A detailed analysis of the feet of Homo floresiensis-the miniature hominins who lived on a remote island in eastern Indonesia until 18,000 years ago-may help settle a question hotly debated among paleontologists: how similar was this population to modern humans? A new research paper, featured on the cover of the current issue of Nature, may answer this question. While the so-called "hobbits" walked on two legs, several features of their feet were so primitive that their gait was not efficient.
"The hobbits were bipedal, but they walked in a different way from modern humans," explains William Harcourt-Smith, a Research Scientist in the Division of Paleontology at the American Museum of Natural History and an author on the paper. "Their feet have a combination of human-like and more primitive early hominin traits, some of which are more akin to those in Lucy." Lucy is an early bipedal but small-brained hominin, or australopithecine, that lived in Africa 3.2 million years ago.
The long, flat "hobbit " foot next to the tibia. Both are from type specimen LB1. W. Jungers
The "hobbits," excavated from Liang Bua Cave on the island of Flores, were first described in 2004. Known specimens range in age from 90,000 to 18,000 years old, making them contemporaneous with modern humans. This, in combination with the unusually small stature and brain size of H. floresiensis, led to considerable debate among researchers and in the press. Some consider the population a separate species, while others have assessed the fossils as pathological modern humans. But a number of recent analyses of the skull, face, and wrist have found many unusually primitive features among the "hobbits" that are more similar to chimpanzees and Australopithecus, suggesting that the Flores inhabitants represent a remnant population of early hominins.
The anatomy of the foot described in the new paper might finally answer the pathological modern vs. primitive population question. Although the foot is characteristic of a biped-being stiff and having no opposable big toe-many other traits fall outside of the range for modern humans. The H. floresiensis foot is very long in proportion to the lower limb and considerably more than half the length of the thighbone; modern human feet are relatively shorter at about half of the femur's length. The stubby big toe of the hobbits is another primitive, chimp-like trait. But the pivotal clue comes from the navicular bone, an important tarsal bone that helps form the arch in a modern human foot. The "hobbit" navicular bone is more akin to that found in great apes, which means that these hominins lacked an arch and were not efficient long-term runners.
"Arches are the hallmark of a modern human foot," explains Harcourt-Smith. "This is another strong piece of the evidence that the "hobbit" was not like us."
Researchers also assessed the pathology hypothesis by comparing "hobbit" feet to those of typical modern humans and pathological modern specimens such as pituitary dwarfs. While the pathological specimens fell well within the range of modern humans, the "hobbits" did not. This suggests that H. floresiensis was an unusual, isolated population of early hominins.

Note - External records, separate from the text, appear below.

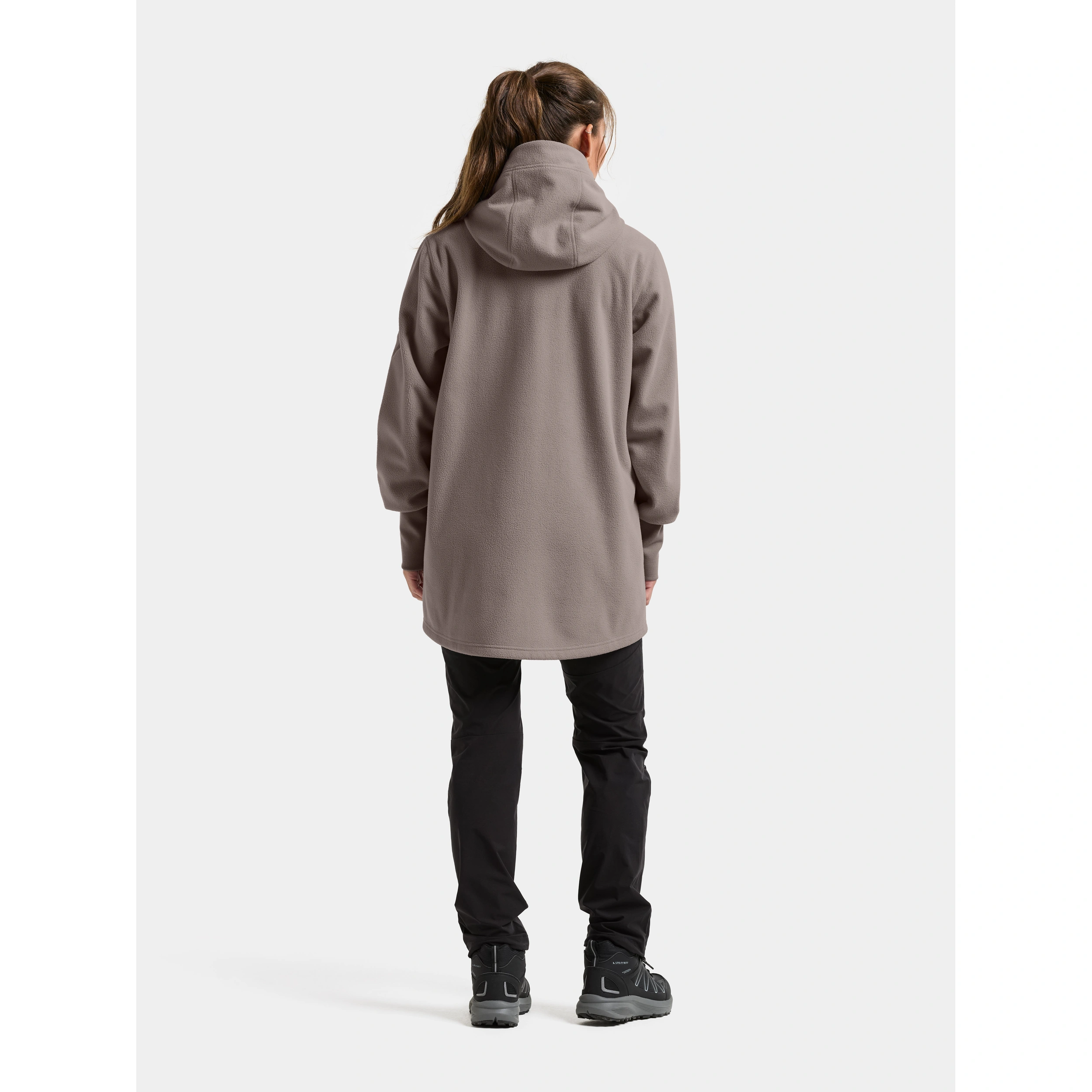 W Mikina D1913 RINDA FULLZIP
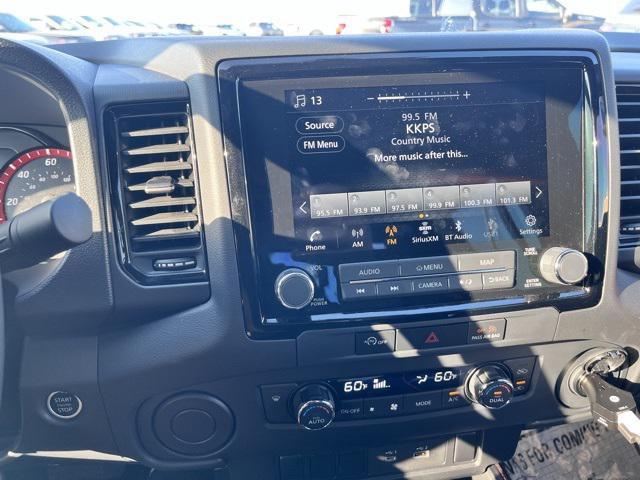 used 2024 Nissan Frontier car, priced at $32,984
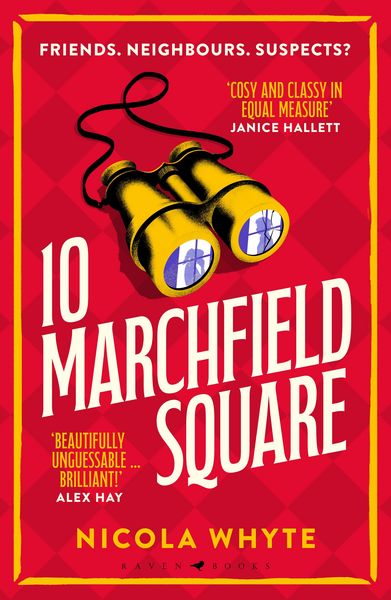 Produktbild: 10 Marchfield Square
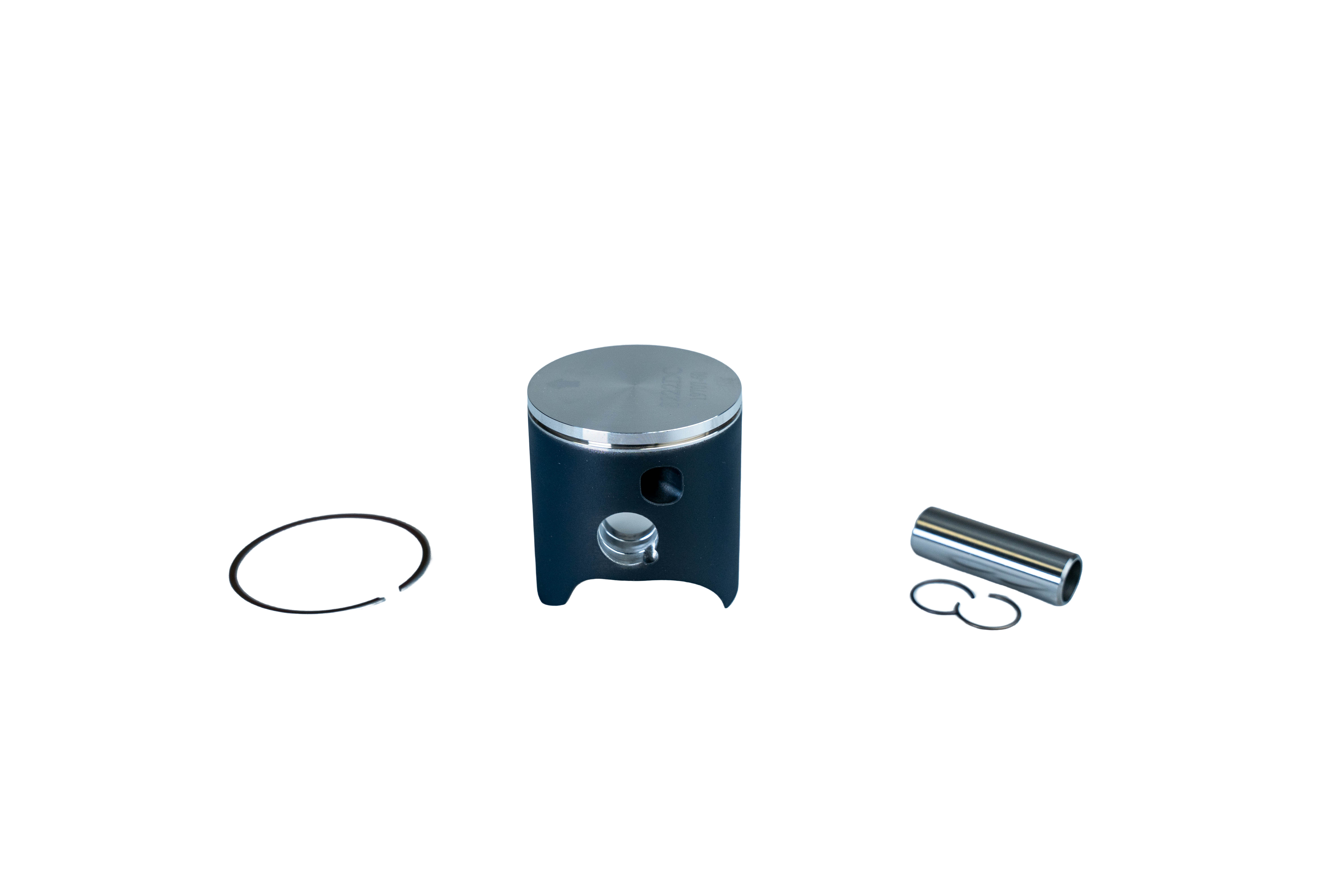 Pistone WOSSNER Ø55,97mm - 1 Fascia - KTM 144/150 SX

"The fossil record continues to surprise us," says William Jungers, Chairman of the Department of Anatomical Sciences at Stony Brook University Medical Center, and an author on the study. "H. floresiensis is either an island-dwarfed descendant of H. erectus that not only underwent body-size reduction but also extensive evolutionary reversals, or, as our analysis suggests, it represents a new species full of primitive retentions from an ancestor that dispersed out of Africa much earlier than anyone would have predicted. Either way, the implications for human evolution are profound."
In addition to Jungers and Harcourt-Smith, authors of the research paper include Roshna Wunderlich, James Madison University; Matthew Tocheri, National Museum of Natural History (Smithsonian Institution); Susan Larson, Stony Brook Medical Center; Thomas Sutikna and Rhokus Awe Due, National Research and Development Centre for Archaeology in Jakarta, Indonesia; and Mike Morwood, University of Wollongong in Australia. Research was funded by grants form the Australian Research Council, the National Geographic Society, the Wenner-Gren Foundation for Anthropological Research, the Wellcome Trust, and the Leakey Foundation.